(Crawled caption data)
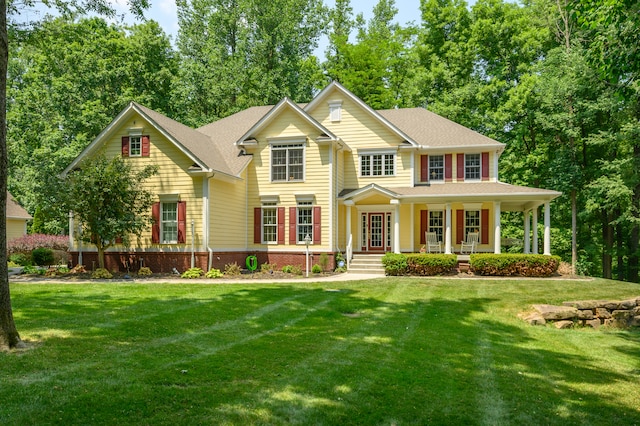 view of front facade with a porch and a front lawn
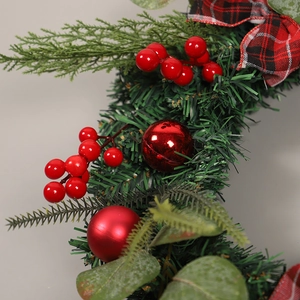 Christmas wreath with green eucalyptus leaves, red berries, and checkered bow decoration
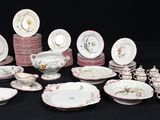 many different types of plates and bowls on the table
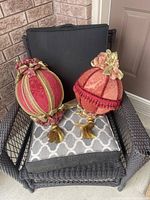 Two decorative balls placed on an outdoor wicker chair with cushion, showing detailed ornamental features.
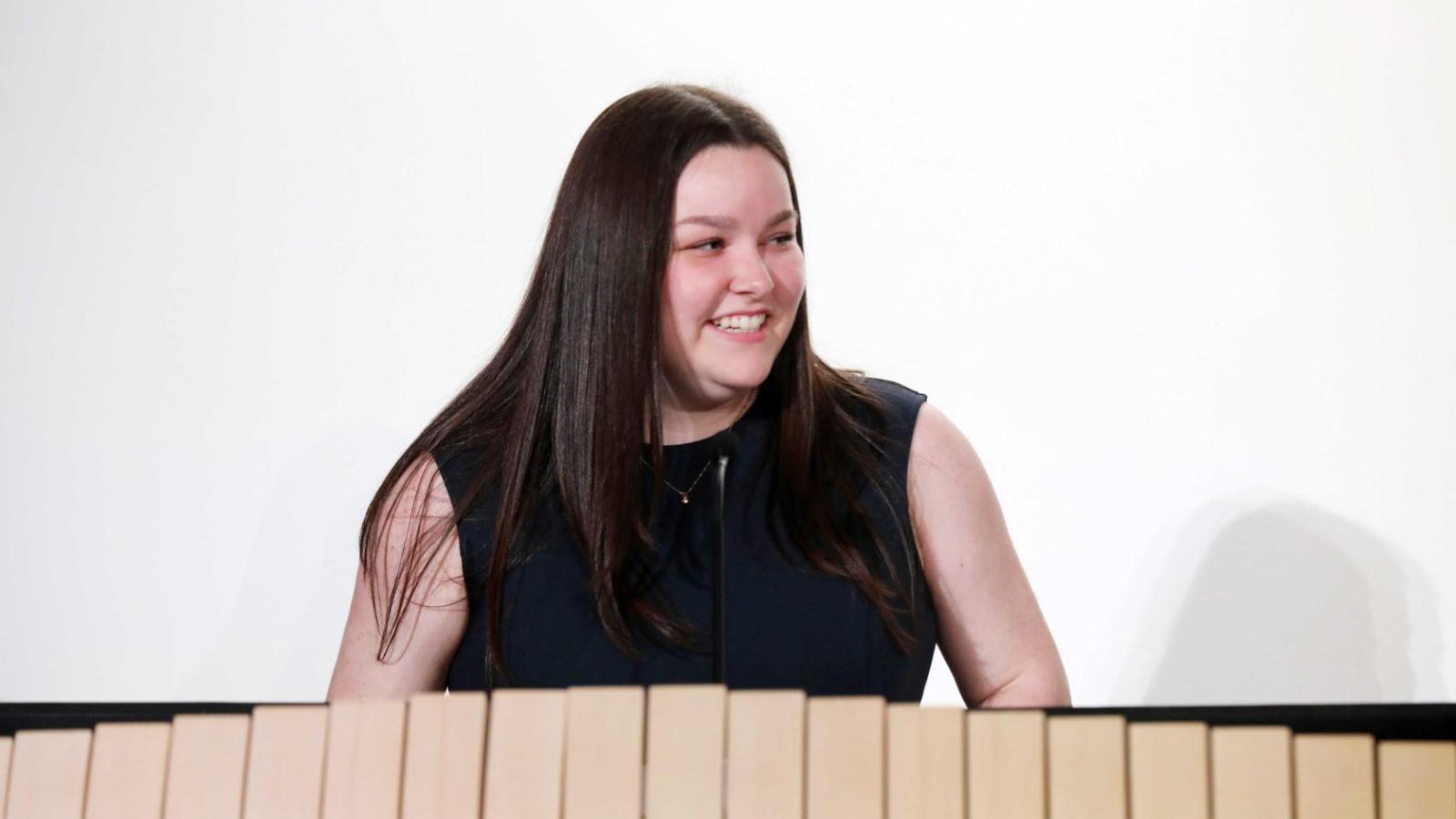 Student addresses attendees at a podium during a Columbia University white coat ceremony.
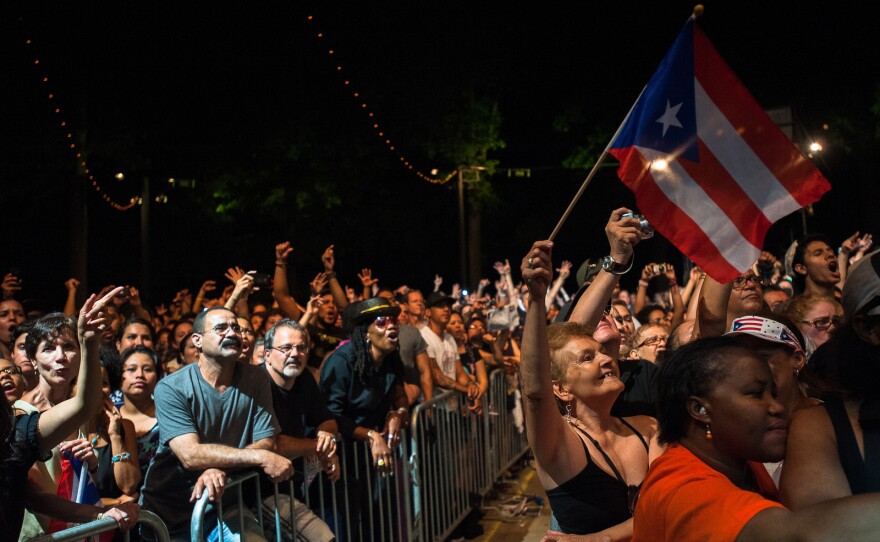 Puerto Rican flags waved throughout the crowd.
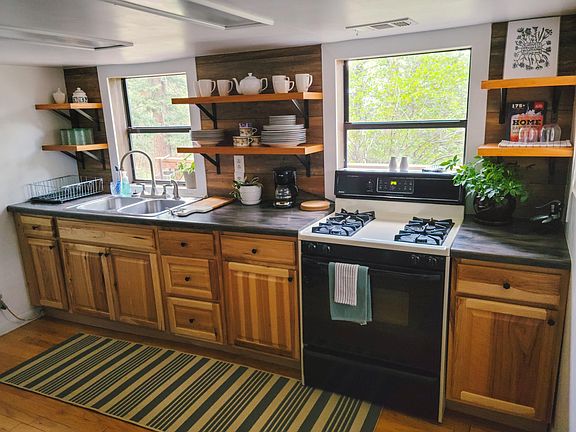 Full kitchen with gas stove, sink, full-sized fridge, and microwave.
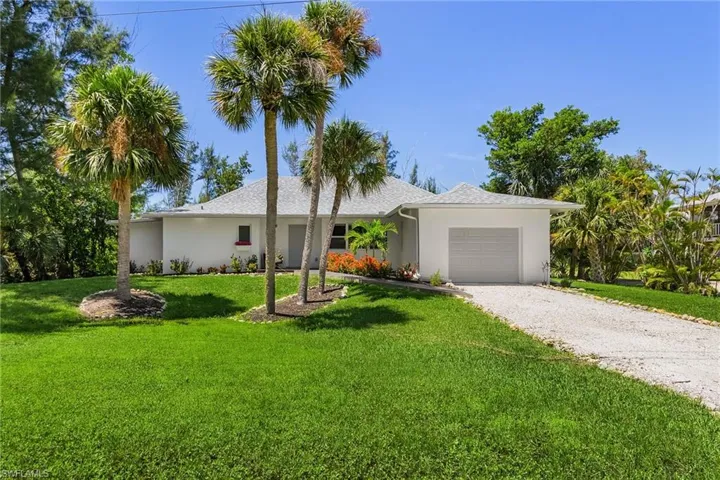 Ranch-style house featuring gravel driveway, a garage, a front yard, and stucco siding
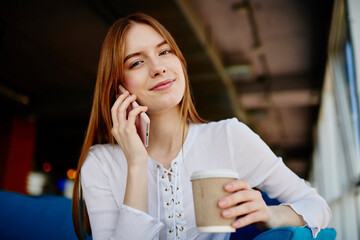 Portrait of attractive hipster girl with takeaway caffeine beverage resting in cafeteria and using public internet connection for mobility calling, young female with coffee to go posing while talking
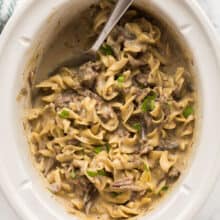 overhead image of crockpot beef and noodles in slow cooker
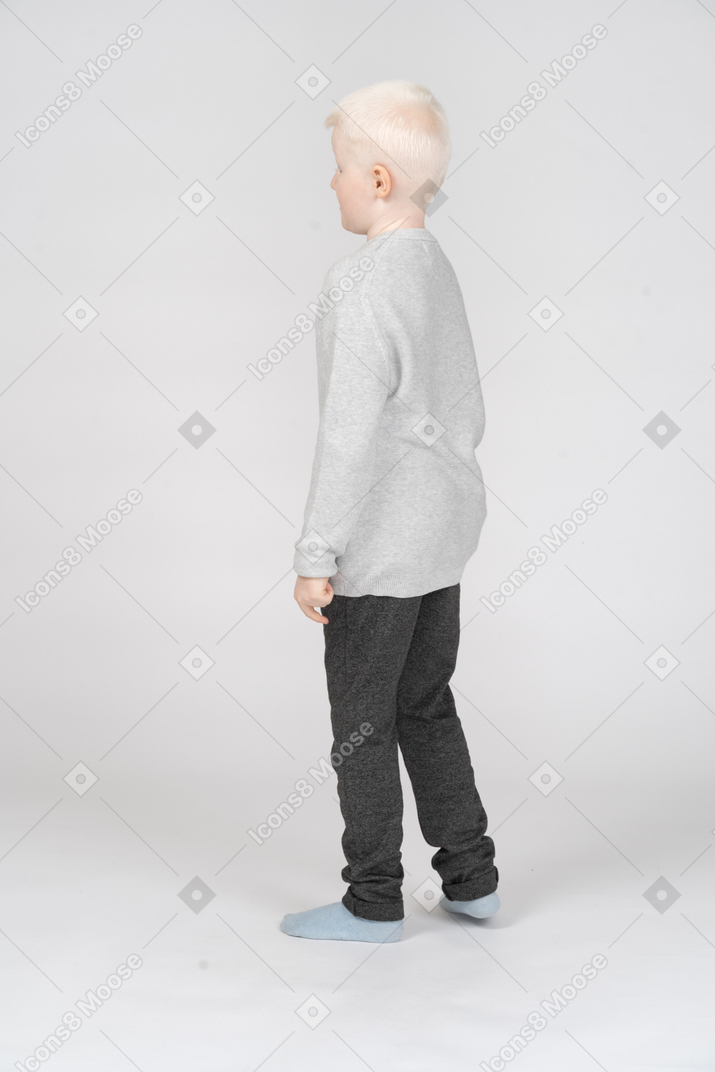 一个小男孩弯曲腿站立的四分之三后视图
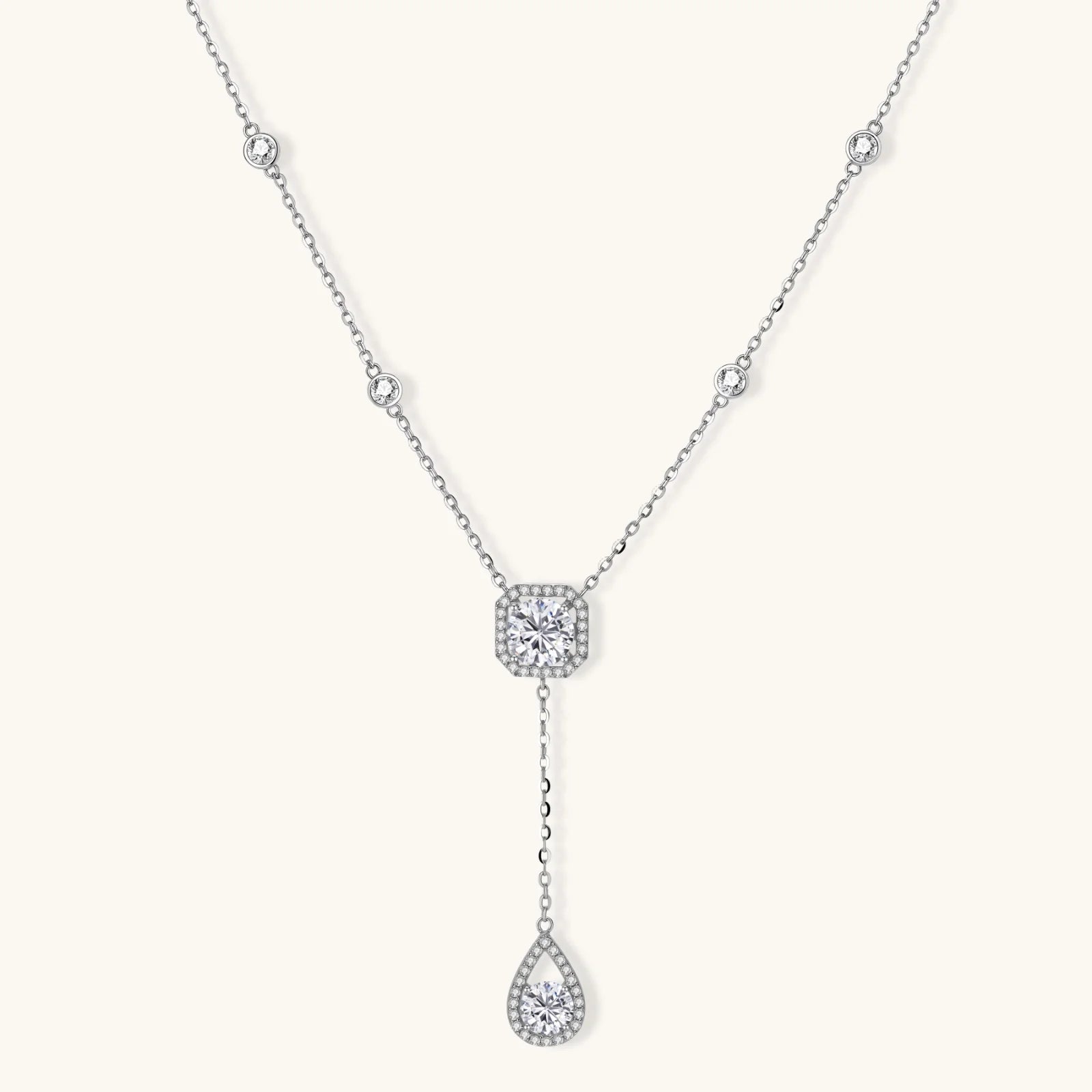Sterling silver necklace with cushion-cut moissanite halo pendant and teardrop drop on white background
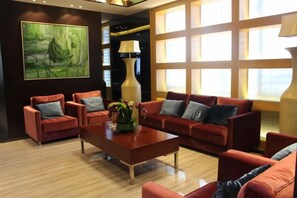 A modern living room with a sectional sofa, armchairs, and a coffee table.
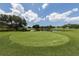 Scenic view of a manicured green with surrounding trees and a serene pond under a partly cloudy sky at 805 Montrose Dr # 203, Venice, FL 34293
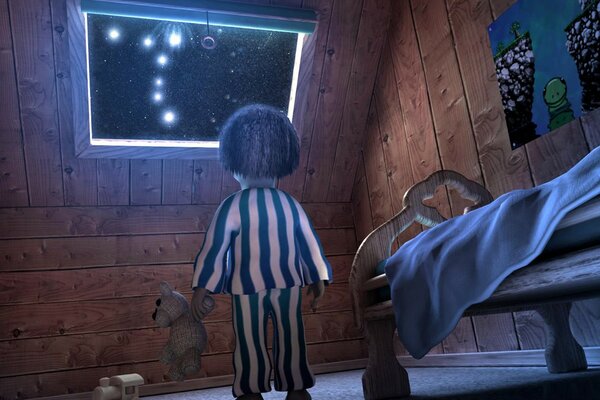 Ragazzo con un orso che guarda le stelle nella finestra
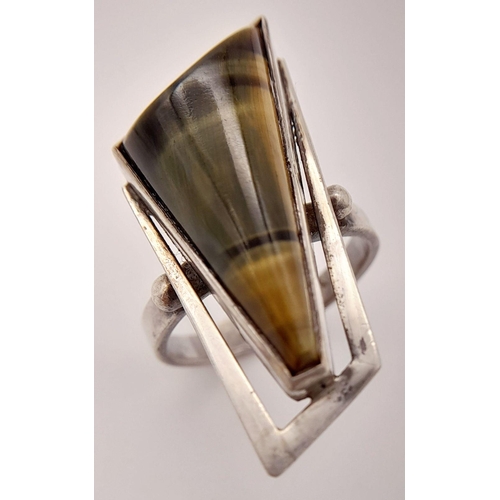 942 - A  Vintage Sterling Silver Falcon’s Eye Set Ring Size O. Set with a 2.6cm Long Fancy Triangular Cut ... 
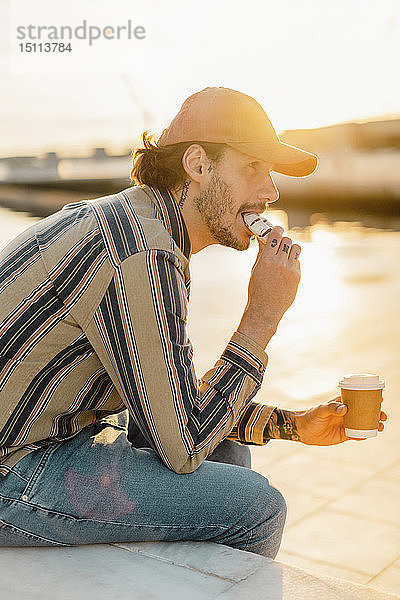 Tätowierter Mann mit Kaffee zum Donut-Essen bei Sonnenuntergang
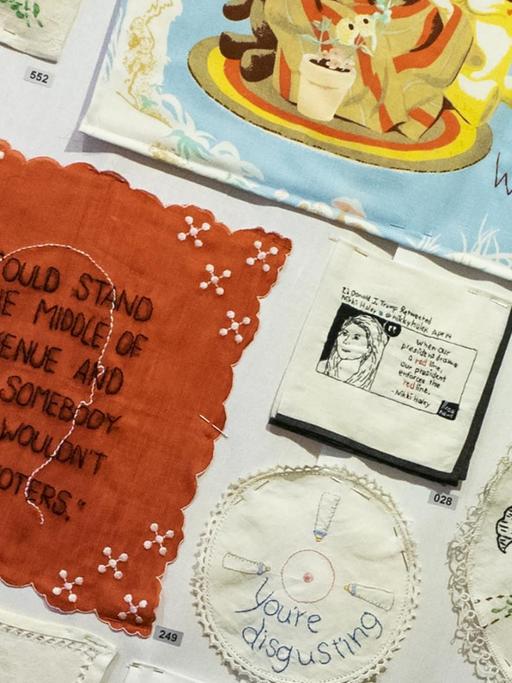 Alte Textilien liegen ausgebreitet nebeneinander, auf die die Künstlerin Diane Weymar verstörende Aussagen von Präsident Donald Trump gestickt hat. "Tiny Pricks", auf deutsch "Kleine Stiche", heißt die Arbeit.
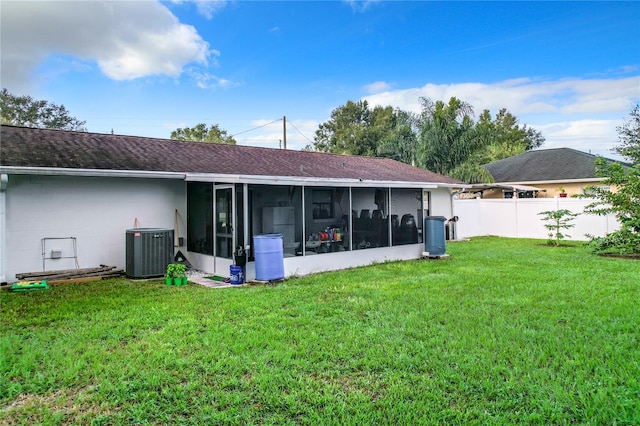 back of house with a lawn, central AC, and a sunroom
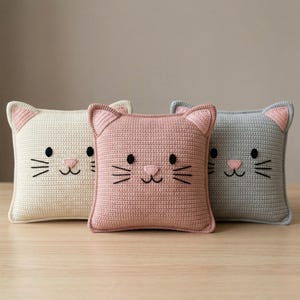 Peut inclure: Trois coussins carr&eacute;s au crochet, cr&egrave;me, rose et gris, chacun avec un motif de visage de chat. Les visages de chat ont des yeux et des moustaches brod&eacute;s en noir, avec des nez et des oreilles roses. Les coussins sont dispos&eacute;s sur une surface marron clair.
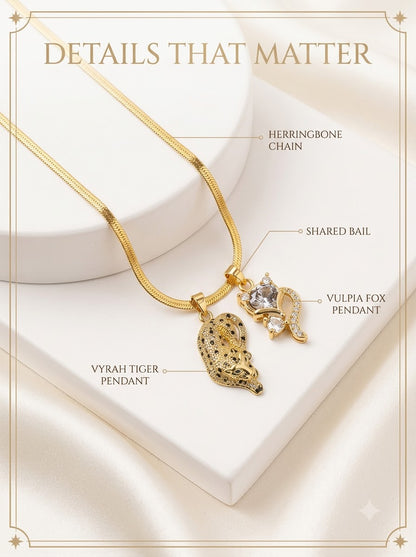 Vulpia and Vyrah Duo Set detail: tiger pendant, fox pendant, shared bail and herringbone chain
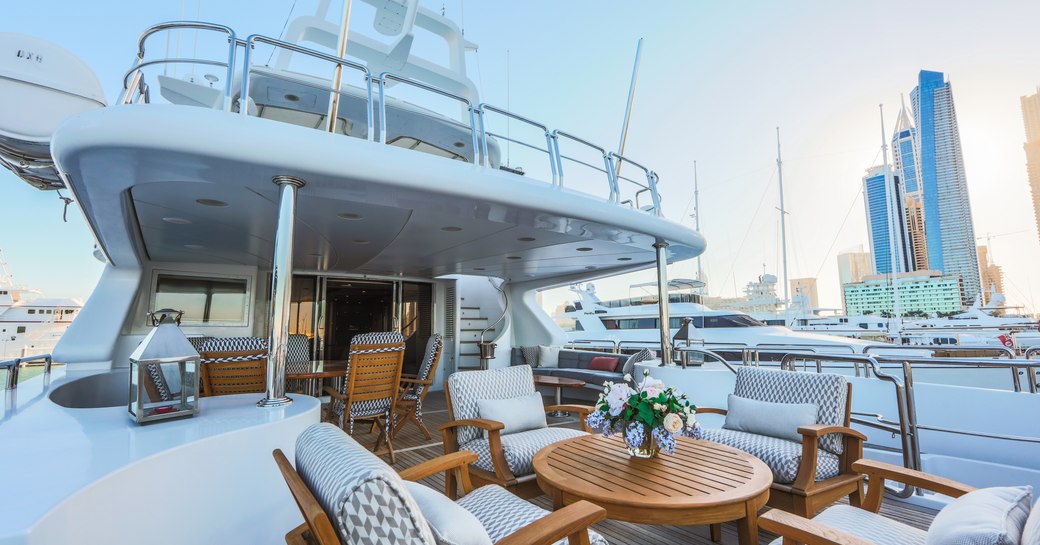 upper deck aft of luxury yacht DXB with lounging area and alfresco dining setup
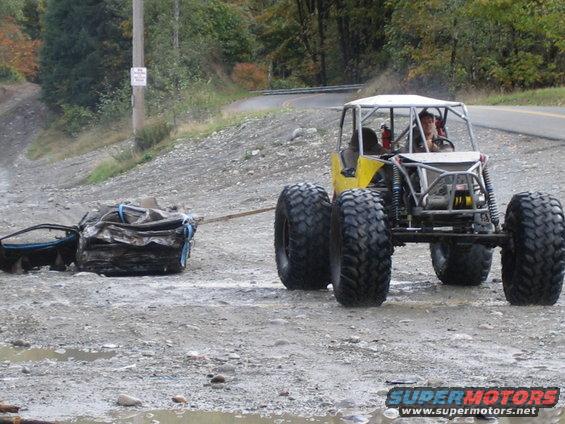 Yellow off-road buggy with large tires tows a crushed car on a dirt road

* [Task directions] Take the line that holds "Peut inclure: Trois" as the start and the last line of the data as the end. Copy only those lines exactly, both ends included, except the pictures.

* [Task solution]
 Peut inclure: Trois coussins carr&eacute;s au crochet, cr&egrave;me, rose et gris, chacun avec un motif de visage de chat. Les visages de chat ont des yeux et des moustaches brod&eacute;s en noir, avec des nez et des oreilles roses. Les coussins sont dispos&eacute;s sur une surface marron clair.
 Vulpia and Vyrah Duo Set detail: tiger pendant, fox pendant, shared bail and herringbone chain
 upper deck aft of luxury yacht DXB with lounging area and alfresco dining setup
 Yellow off-road buggy with large tires tows a crushed car on a dirt road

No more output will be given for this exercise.